Und immer mehr Leute kommen bei dem strahlenden Sonnenschein und wollen auf das Eis. Geschätzt sind es weit über 100 Personen, beim genauen Auszählen auf dem Foto sogar mehr als 200. Dürfen die denn das? Viele tragen keine Masken und es drängt sich der Eindruck auf, dass die Vorsicht für junge Leute wohl nicht vordringlich ist. Wo bleibt da Karl Lauterbach, wenn man ihn schon mal gebrauchen könnte.
Doch dann stört eine Lautsprecherdurchsage das fröhliche Bild. "Das Betreten der Eisfläche ist verboten, es besteht Lebensgefahr. Bitte verlassen Sie das Eis!"

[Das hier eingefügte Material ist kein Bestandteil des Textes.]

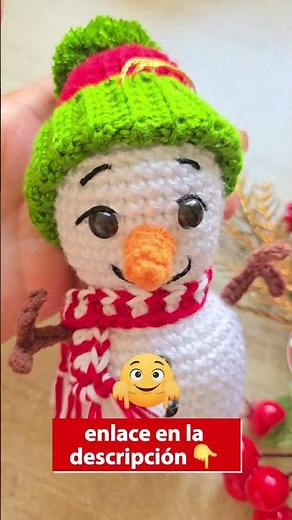 Snowman ☃️ ⛄️ ❄️ amigurumi All in crochet #allcrochet #crochet #amigurumi #tutorial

Kurze Schreckpause bei den Besuchern. Ein blinkendes Polizeiauto ist am Straßenrand oberhalb des geschlossenen Cafés zu sehen. Uniformierte kommen die Treppen runter und betreten auch das Eis. Ihre Aufforderungen zum Verlassen sind unmissverständlich. Doch das provoziert Widerspruch und ein wildes Diskutieren mit den Ordnungshütern beginnt.

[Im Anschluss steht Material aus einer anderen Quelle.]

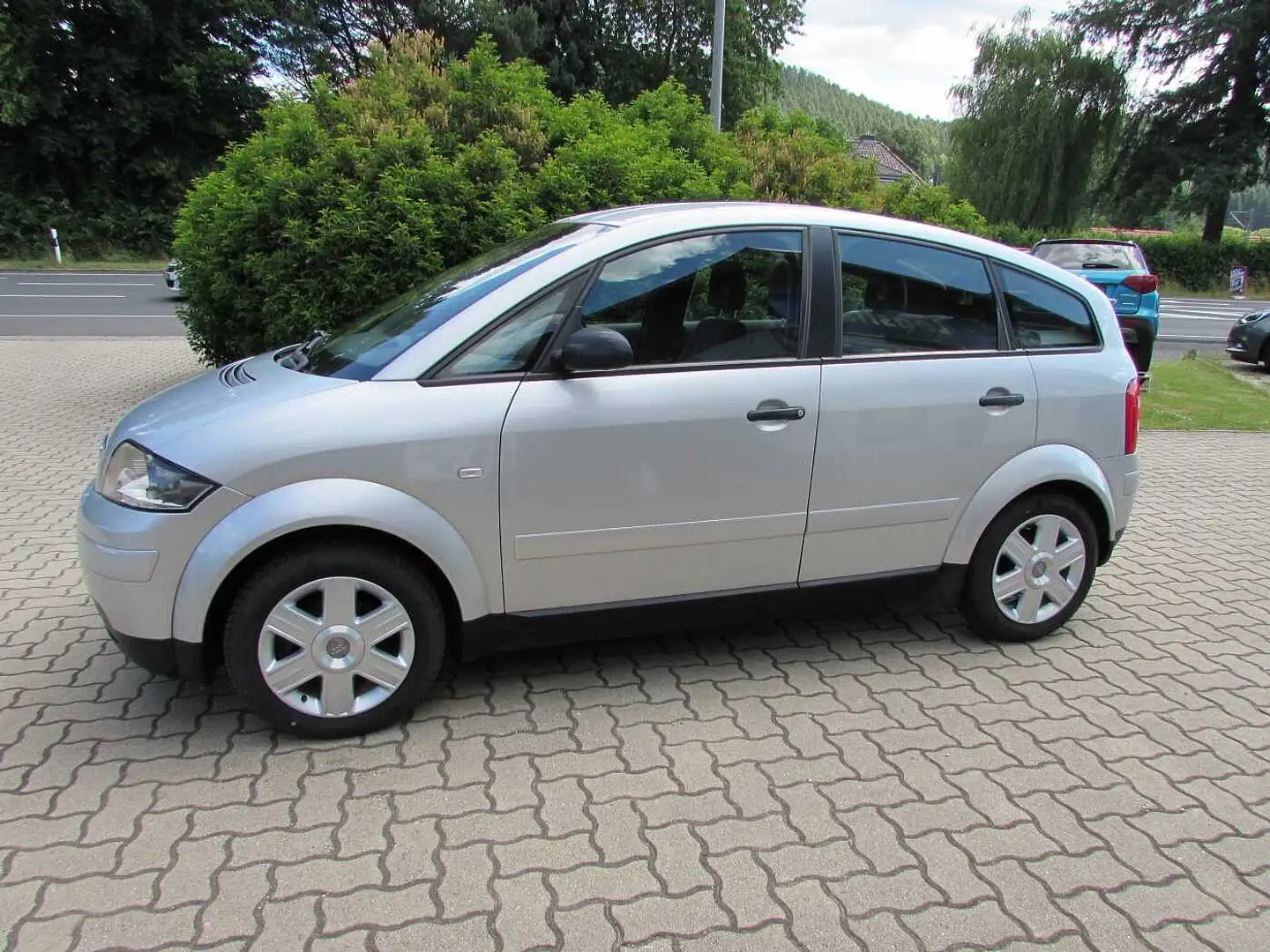 Audi A2 1.4 'Klima/LM' Silber - 2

Es dauert mindestens eine Viertelstunde, bis auch die letzten Eisläufer sich zum Rand begeben. Hier harren sie in kleinen Gruppen aus und schimpfen nun mit aufgesetzten Mund-Nase-Masken über die vergnügungsfeindliche Polizei. Die lässt sich Zeit mit ihrer drohenden Anwesenheit.
Es wird langsam dunkel und kälter und viele Besucher wandern ab. Die Polizisten klettern in ihre Autos und drehen endlich auch ab. Doch darauf haben die am Rand Ausharrenden nur gewartet. Im Nu sind sie wieder auf dem Eis und haben jetzt ausreichend Platz für ihr Vergnügen.
Nach strengem Nachtfrost zieht am nächsten Tag wieder ein sonniger Wintertag auf. Es ist wieder ideales Schlittschuhwetter und mehrere dutzend Läufer sind schon mittags auf dem Eis.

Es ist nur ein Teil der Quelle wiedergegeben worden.